Namun benarkah demikian? Saya tidak terlalu yakin. Banyak sekali orang yang bergelut dalam pangan memberitahu saya bahwa Indonesia tidak kekurangan sumber pangan. Yang kita kekurangan adalah kemauan untuk memanfaatkan sumber-sumber pangan tersebut.
Merubah lahan gambut menjadi sawah? Mengapa tidak membiarkan ekosistem gambut itu seperti sediakala dan membiarkan pohon-pohon sagu tumbuh disana. Sagu adalah sumber nabati yang luar biasa bagusnya. Penduduk Indonesia Timur sudah memakainya sebagai sumber pangan sejak awal jaman.

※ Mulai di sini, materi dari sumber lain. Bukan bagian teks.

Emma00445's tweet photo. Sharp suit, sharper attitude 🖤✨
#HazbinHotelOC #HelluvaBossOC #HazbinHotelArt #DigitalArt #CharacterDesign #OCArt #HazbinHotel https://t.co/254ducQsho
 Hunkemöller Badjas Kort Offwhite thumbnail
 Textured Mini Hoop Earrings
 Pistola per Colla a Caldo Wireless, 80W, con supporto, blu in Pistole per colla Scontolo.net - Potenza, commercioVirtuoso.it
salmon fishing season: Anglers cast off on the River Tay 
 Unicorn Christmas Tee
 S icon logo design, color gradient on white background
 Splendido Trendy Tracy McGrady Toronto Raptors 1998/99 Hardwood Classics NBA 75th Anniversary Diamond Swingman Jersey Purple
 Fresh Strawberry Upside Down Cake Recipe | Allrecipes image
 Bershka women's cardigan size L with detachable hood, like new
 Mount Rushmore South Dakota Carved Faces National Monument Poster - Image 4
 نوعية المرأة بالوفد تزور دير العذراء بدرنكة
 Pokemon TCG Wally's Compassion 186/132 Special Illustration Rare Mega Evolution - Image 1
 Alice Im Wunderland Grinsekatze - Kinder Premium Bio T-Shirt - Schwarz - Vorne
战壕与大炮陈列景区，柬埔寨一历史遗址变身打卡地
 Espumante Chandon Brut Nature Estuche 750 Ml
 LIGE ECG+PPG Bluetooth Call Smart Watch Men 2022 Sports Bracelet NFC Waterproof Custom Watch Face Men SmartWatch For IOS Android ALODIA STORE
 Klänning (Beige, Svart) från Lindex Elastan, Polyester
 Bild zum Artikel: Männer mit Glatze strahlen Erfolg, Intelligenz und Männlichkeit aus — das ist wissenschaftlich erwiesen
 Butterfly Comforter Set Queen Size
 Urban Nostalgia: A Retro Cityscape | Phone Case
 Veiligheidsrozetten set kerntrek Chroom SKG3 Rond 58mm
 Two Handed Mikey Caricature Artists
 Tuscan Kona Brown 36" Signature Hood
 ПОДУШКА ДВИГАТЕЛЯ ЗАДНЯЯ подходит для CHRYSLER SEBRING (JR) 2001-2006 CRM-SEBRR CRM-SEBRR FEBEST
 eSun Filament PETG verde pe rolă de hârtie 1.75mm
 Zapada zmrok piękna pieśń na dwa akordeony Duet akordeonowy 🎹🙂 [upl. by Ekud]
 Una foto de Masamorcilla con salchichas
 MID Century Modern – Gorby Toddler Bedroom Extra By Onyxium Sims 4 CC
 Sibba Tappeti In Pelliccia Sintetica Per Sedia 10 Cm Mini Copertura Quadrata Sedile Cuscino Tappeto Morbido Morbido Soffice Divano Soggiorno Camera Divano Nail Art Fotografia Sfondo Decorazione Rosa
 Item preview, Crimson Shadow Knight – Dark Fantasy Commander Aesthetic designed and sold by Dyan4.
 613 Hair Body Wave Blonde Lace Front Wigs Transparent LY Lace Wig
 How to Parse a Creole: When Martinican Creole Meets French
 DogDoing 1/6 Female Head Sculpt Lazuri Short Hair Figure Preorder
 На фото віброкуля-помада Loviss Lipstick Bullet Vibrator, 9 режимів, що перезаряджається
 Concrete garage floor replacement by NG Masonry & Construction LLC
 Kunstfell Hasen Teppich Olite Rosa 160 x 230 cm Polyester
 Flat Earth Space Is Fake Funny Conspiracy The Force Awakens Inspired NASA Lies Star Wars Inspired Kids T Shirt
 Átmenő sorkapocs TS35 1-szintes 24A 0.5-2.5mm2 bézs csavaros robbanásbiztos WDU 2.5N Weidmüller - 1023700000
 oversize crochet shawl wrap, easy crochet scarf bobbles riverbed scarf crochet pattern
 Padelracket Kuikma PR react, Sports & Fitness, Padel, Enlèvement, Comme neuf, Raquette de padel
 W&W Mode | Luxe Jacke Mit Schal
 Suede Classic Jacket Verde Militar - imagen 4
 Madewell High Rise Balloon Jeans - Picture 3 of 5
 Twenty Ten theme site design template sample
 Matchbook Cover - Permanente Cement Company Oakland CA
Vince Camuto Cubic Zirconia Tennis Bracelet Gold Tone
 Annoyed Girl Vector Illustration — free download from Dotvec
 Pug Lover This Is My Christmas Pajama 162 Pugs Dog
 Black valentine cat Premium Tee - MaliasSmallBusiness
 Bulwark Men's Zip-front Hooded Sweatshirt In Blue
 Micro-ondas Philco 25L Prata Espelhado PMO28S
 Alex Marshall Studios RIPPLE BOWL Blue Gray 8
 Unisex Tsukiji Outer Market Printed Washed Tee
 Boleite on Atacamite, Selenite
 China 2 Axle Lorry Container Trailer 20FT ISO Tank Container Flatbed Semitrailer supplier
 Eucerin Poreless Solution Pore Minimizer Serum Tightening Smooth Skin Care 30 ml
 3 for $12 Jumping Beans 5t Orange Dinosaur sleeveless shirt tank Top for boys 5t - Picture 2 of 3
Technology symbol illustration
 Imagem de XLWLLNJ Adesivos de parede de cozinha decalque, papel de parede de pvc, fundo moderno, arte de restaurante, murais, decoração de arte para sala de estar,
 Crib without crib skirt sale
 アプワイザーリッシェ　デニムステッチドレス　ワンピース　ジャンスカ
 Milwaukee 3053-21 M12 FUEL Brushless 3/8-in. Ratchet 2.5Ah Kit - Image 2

Hutan sagu kita ditebang dan dikonversi menjadi HTI. Jika pun kita memanfaatkan sagu dalam skala industri, kita mengubahnya menjadi lem untuk merekatkan kayu lapis.
Juga umbi-umbian. Tidak perlu banyak usaha untuk menanam umbi-umbian. Ada puluhan jenis umbi-umbian yang bisa dimakan. Ada Talas, Gembili, Gembolo, dan lain sebagainya. Sebagian beracun. Ia memabukkan tapi tidak mematikan. Hanya perlu teknologi sederhana untuk mengolahnya. Persis seperti mengolah jenis singkong beracun.
Kita sering mendengar bahwa orang Indonesia tidak belum merasa makan kalau belum makan nasi. Semakin lama saya makin meragukan pernyataan itu karena semakin banyak orang Indonesia makan mie instan sebagai makanan pokok. Walaupun kadang masih diperlakukan sebagai lauk teman nasi.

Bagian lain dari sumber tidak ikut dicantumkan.